What you will do →
The listing below must be repeated word for word, with its images excluded.

─── Data below

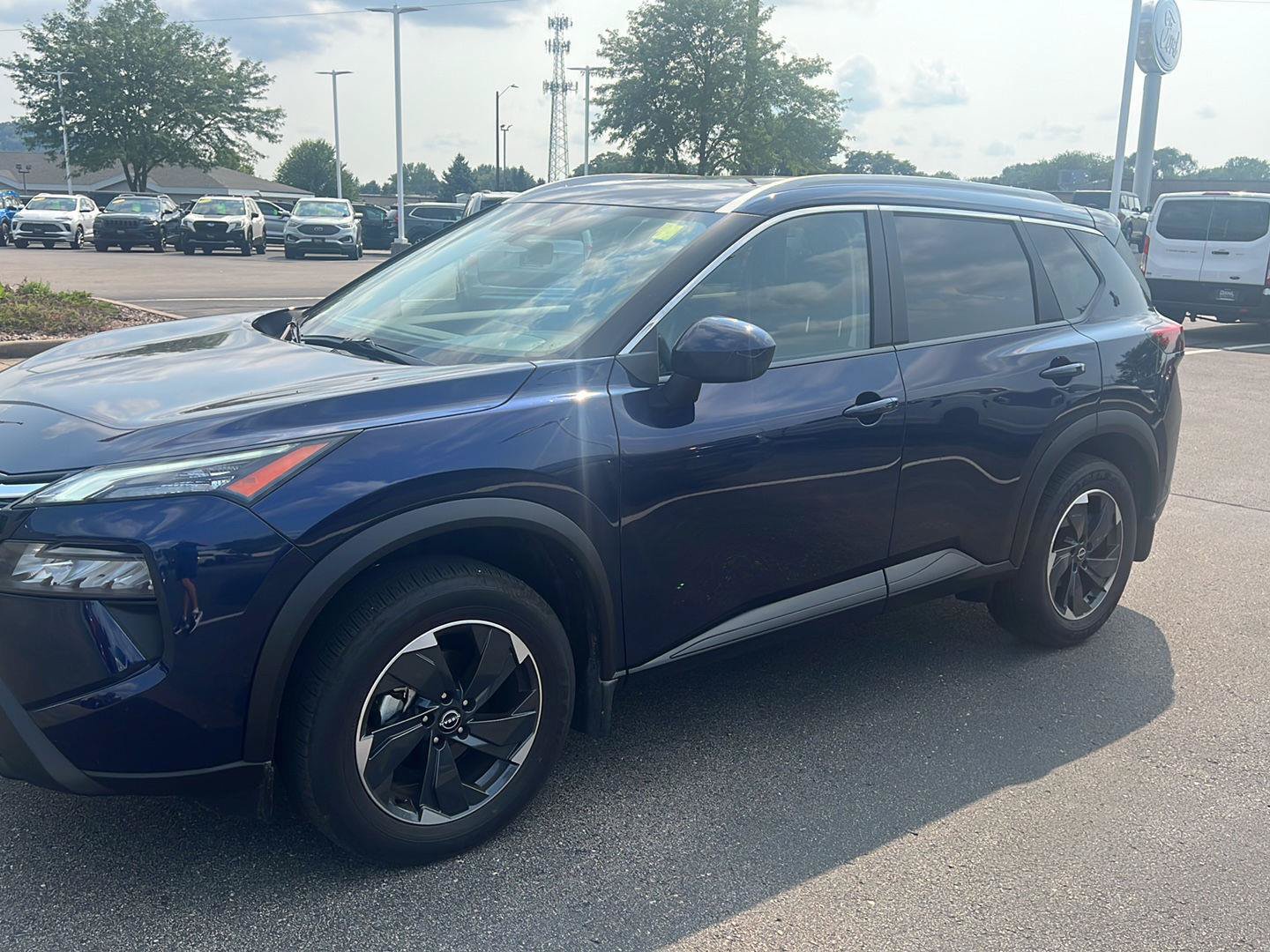 Used 2025 Nissan Rogue SV w/ SV Premium Package AWD/4WD image 11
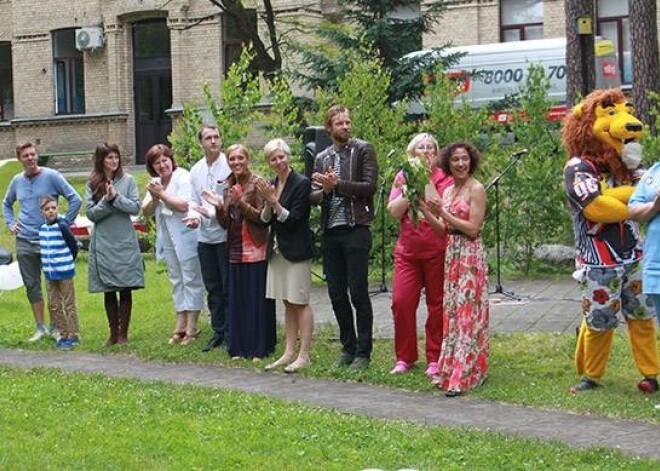 Slavenības pušķo bērnu klīniskās universitātes slimnīcu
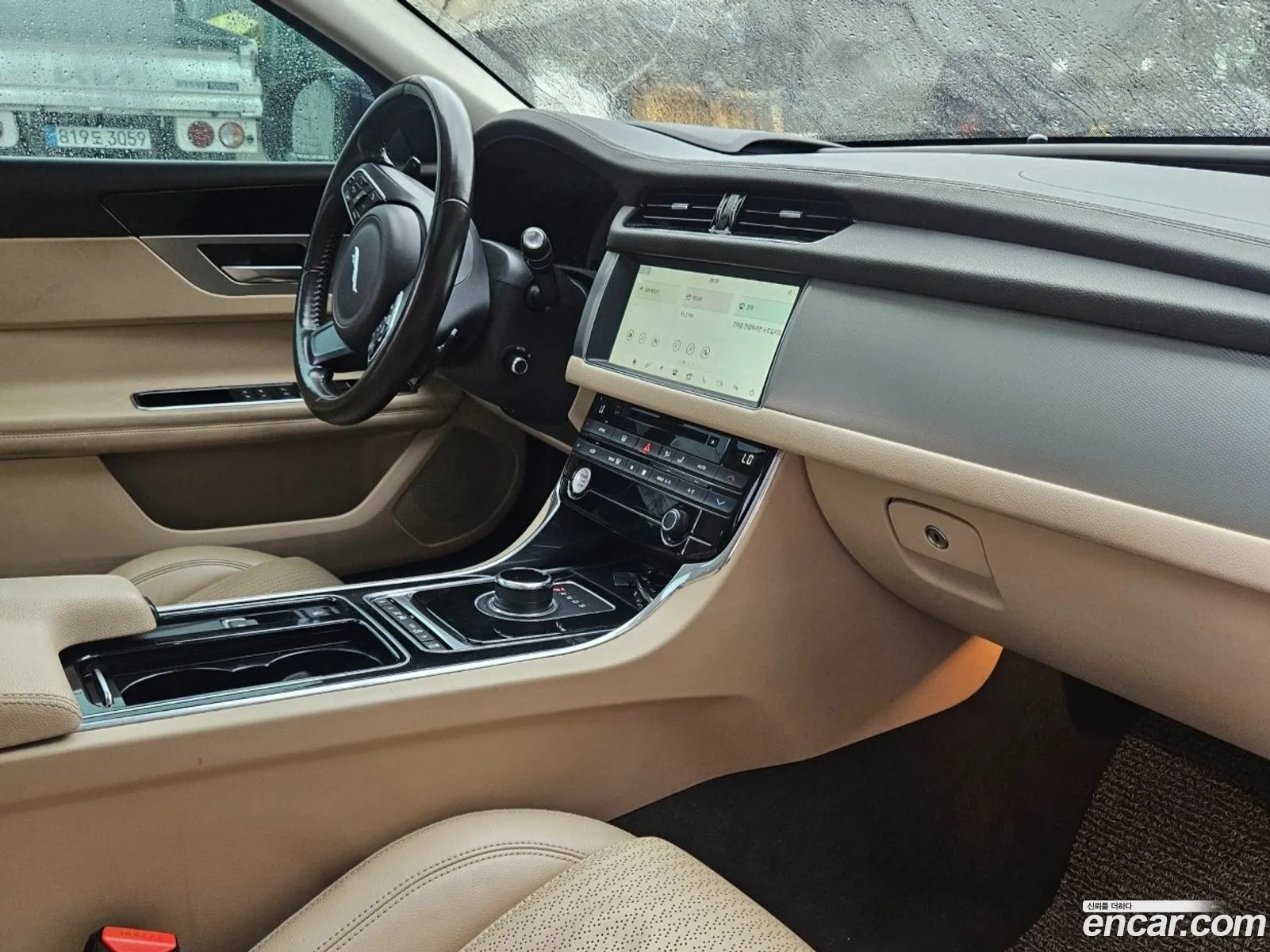 Jaguar XF 2017 — 12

──────

Output for this exercise →
 Used 2025 Nissan Rogue SV w/ SV Premium Package AWD/4WD image 11
 Slavenības pušķo bērnu klīniskās universitātes slimnīcu
 Jaguar XF 2017 — 12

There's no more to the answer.